The mean delivery time on weekends is 22.5 minutes.
The mean delivery time on weekdays is 5.9 minutes longer than on weekends.

Observations:¶

The mean delivery time on weekdays is 28.3 minutes.
The mean delivery time on weekends is 22.5 minutes.
The mean delivery time on weekdays is 5.9 minutes longer than on weekends.

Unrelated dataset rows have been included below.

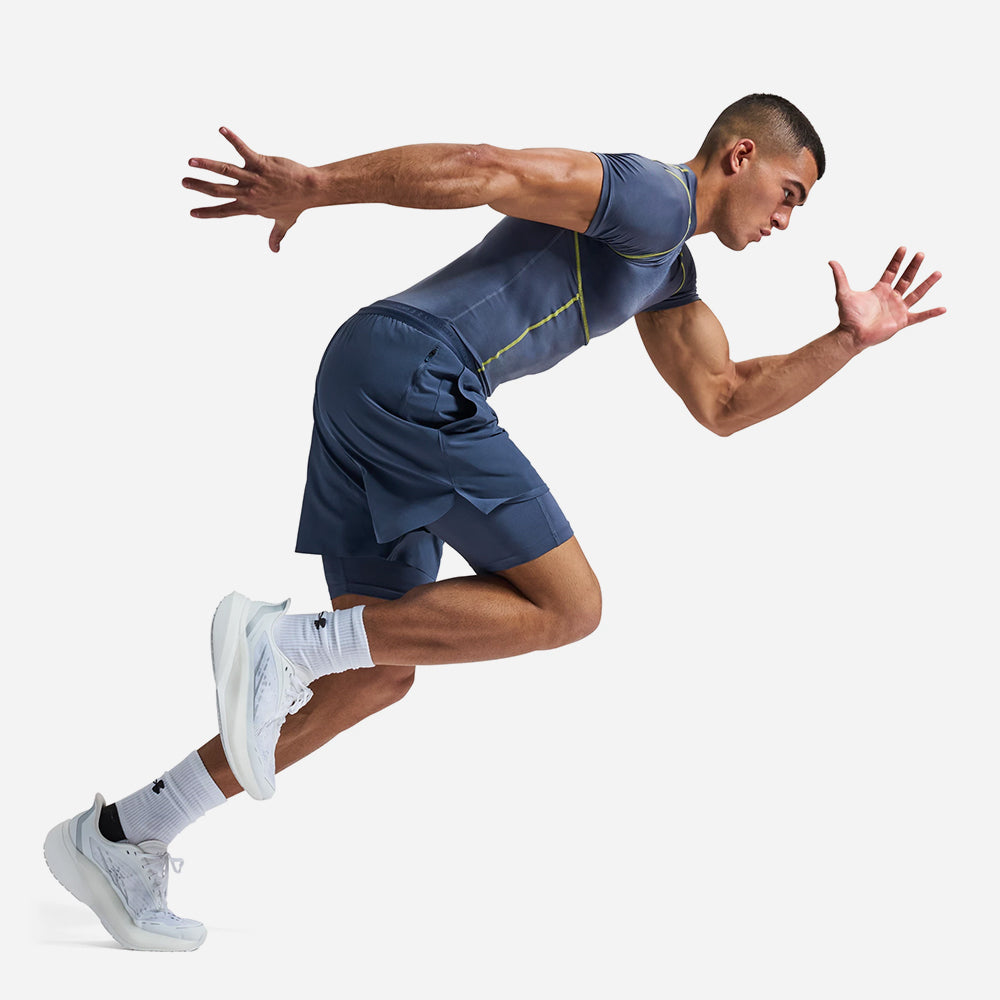 Áo Thun Bó Nam Under Armour Heatgear Elite Compression Short Sleeve - Supersports Vietnam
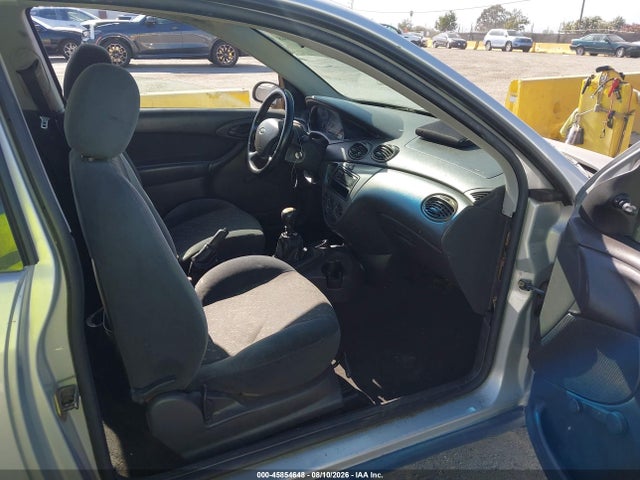 Aukcja sprzedaży 2002 Ford Focus Zx3 Base/zx3 Premium/zx3 Pwr Premium, vin: 3FAFP31382R215327, numer aukcji: 45854648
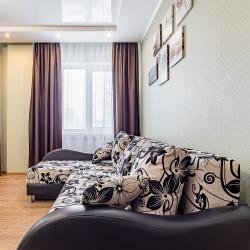 Фото Отель Vegas apartments (Вегас апартментс) на проспекте Гагарина 101 корпус 3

Conclusion and Recommendations¶

Question 17: What are your conclusions from the analysis? What recommendations would you like to share to help improve the business? (You can use cuisine type and feedback ratings to drive your business recommendations.) [6 marks]¶

Conclusions:¶

  • Generally speaking there is no correlation between the numeric data, namely order cost, food prep time, and delivery time.
  • Weekend orders dominate the volume compared to weekday with over double the orders on weekends. And considering a weekend is only 2 days versus 5 for weekday, the order volume per day is even more exaggerated.
  • Delivery time appears to occur in two evenly distributed bands of 15-23 minutes, then 23-30 minutes of distinctly higher frequency. This might be because restaurants are located in distinct commercial zones with less dense residential, while once out of the commercial zone around 23 minutes, the residential density is higher resulting in higher order volume.
  • Order volume is dominated by the top 6-8 cuisines types, with the bottom 6 representing very few orders.
  • Customer base is dominated by single order customers.
  • A dominate number of the orders have No Rating.

Recommendations:¶

  • ~40% of orders have 'No Rating', so it would be good to find way to incentivize customers to provide a rating, such as perhaps a discount on their next order or entered in a chance to win a free meal that's drawn weekly.
  • 90% of the order volume comes from the top 75 restaurants, with around 100 restaurants making up the remaining 10%. If there is any overhead cost of including a restaurant in the FoodHub app might consider dropping restaurants which contribute almost no order volume.
  • Orders under $20 make up a substantial portion of the order volume. This could be because, people are relucant to spend more than that amount, however, it also coincidental that the FoodHub charge increases from 15% to 25% when orders exceed $20. It may be worth switching to a flat 15% for all orders and see if volume increases on the higher end resulting in a net increase in revenue.
  • The weekend versus weekday ordering is highly skewed toward weekend, so some steps might be taken to boost weekday ordering, such as having lower rates for weekday orders.
  • Now that the most popular cuisine types are well understood, survey the list of restaurants offering these type of cuisines, but aren't enrolled in the FoodHub app. Try to onboard these additional missing, but popular food type restaurants.
  • The customer based is highly dominated by customers which only placed a single order and there are very few high volume customers. Consider adding some type of customer loyalty program to incentivize customers to continue placing orders such as 50% off an order after every N number of orders placed.